John Steinbeck vient de faire son entrée dans La Bibliothèque de la Pléiade avec un volume de Romans qui propose la "trilogie du travail" formée par En un combat douteux (1936), Des souris et des hommes (1937) et Les Raisins de la colère (1939), ainsi qu’À l’est d’Éden (1952), roman de la maturité. Le fil conducteur des trois premiers livres, c’est la réaction de l’individu à la pression du groupe. En un combat douteux, qui prône l’action collective, revêt une dimension épique. Des souris et des hommes traduit, par la simplicité de son intrigue et ses ressorts dramatiques, la dimension tragique d’une humanité abandonnée à la fragilité de ses rêves.
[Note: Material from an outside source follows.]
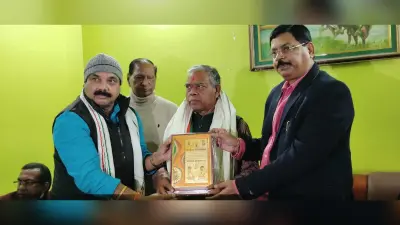 Dhanbad News : जंबो कमेटी की बजाय नये व ऊर्जावान कार्यकर्ताओं की छोटी कमेटी करें तैयार : कमलेश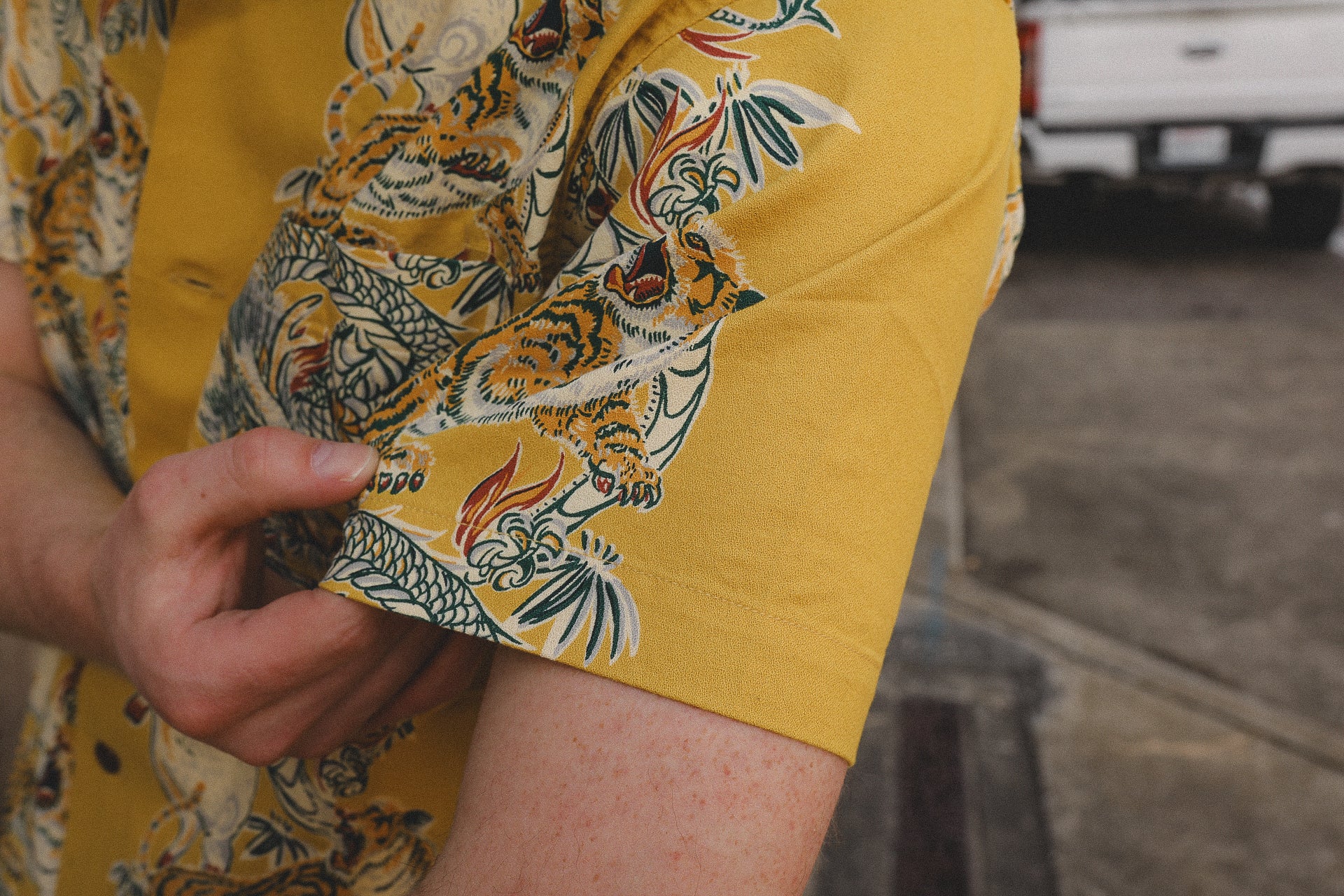 Tornado Pig Aloha Shirt- Yellow (5721)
Les Raisins de la colère, grand roman de la route, entremêle le destin de la famille Joad et des chapitres « collectifs » qui élargissent la perspective à l’ensemble du « peuple ». À l’est d’Éden enfin donne corps à l’imaginaire familial de Steinbeck et illustre la faculté de l’homme à choisir son destin. S’y mêlent souvenirs intimes et éléments allégoriques et historiques ; le bien et le mal s’y livrent une lutte placée sous le signe de Caïn.
Après les Jours de travail, le journal des Raisins de la colère l'an passé, les éditions Seghers publient ces jours-ci la correspondance de Steinbeck à son éditeur lors de la rédaction d'A l'Est d'Eden, sous le titre Les lettres d'À l'est d'Eden. Journal d'un roman. En réalité, une longue lettre qu'il écrit quotidiennement à son ami et éditeur, Pat Covici, lettre ininterrompue qui a une triple vocation : elle le prépare physiquement et psychiquement à la rédaction de ses feuillets du jour ; elle offre un laboratoire dans lequel il revient sur les ambitions du chapitre en cours ; elle lui permet de tenir la chronique de la création, réflexion sur le temps, la littérature, l'inspiration, l’œuvre à l’œuvre.
Rappelons aussi la traduction l'an passé du Journal russe (Gallimard), récit du voyage de quarante jours entrepris par John Steinbeck avec Robert Capa en 1947, de Moscou à Stalingrad en passant par la Géorgie et l’Ukraine pour un reportage destiné au New York Herald Tribune. Mais aussi la nouvelle traduction de Des souris et des hommes par Agnès Desarthe, qui n'a curieusement pas été retenue pour le volume des Romans dans La Pléiade.